Did not poop for 4 days, but finally got her to start pooping normally after alternating oil and MOM.
Her head is now resting against her flank, but not really rigid. Just floppy. We try to prop her up, and she collapses. She was eating well when grass, leaves were presented to her lips, but makes no effort on her own to eat, even when her head is placed beside leaves. She was drinking only when we supported her head and stick it in the bowl of water, but now she's not drinking. She will still eat a little, but not drinking.
What is going on? We have given red cell, b complex, electrolytes... her eyes are bright (she is anemic) but she seems alert in a body that is too floppy to do anything at all. SHe's like a ragdoll goat.
Any ideas? Please help?
I am very concerned about Listeriosis. I just read in depth about this last night, and I'm 15 weeks pregnant.
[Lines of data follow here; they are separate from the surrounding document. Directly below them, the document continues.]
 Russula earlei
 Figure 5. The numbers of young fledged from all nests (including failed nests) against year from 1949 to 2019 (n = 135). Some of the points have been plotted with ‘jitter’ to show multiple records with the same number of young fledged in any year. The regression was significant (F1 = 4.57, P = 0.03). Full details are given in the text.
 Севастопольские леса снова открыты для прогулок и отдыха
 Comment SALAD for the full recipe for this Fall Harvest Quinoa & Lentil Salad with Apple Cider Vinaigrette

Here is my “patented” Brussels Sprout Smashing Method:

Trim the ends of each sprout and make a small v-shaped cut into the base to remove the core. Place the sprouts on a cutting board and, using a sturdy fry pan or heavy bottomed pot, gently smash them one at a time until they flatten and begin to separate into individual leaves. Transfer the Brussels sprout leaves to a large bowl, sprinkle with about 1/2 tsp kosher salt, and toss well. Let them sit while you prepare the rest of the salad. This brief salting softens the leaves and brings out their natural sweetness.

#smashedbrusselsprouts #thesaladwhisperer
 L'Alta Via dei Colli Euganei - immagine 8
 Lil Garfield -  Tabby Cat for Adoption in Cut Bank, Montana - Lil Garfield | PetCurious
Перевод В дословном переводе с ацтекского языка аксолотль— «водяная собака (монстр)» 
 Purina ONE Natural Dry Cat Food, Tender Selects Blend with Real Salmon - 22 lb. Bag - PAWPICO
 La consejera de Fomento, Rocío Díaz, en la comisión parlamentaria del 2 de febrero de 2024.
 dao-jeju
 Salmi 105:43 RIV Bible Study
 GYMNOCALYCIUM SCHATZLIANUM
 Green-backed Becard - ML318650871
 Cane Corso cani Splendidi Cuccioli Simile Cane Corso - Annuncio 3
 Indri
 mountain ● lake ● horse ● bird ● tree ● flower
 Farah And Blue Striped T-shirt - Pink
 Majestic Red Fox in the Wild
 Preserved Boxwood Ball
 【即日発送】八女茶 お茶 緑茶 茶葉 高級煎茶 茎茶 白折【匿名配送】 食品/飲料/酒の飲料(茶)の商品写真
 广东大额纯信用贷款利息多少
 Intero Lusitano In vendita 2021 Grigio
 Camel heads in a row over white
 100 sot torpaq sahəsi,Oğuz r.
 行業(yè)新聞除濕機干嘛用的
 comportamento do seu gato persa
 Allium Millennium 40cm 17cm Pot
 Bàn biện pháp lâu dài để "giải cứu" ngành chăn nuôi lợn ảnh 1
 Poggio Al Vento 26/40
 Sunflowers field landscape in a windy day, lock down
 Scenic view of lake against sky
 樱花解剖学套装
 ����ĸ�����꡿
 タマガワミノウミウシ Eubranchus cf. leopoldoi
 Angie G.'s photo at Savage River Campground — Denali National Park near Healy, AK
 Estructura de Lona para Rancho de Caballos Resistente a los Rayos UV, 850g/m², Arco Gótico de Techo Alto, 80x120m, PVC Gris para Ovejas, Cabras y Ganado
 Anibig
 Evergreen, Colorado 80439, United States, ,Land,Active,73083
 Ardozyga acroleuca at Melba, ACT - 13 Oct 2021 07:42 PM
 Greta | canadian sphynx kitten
I have been in constant contact with this goat for a week, so now I'm petrified.
Please help.


----------



## Suzanne_Tyler (Jul 19, 2014)

Did you get a fecal done before worming?


----------



## jschies (Aug 15, 2014)

How old is she, what is her temp, is she bred or nursing kids? How much B complex and red cell are you giving? If she was loaded with worms, when you dewormed her the dying worms can cause lots of problems. You need to get some nutrients into her. You can give her electrolyte water and "goat shakes" with a turkey baster.


----------



## toth boer goats (Jul 20, 2008)

Good questions, that need answered to further help.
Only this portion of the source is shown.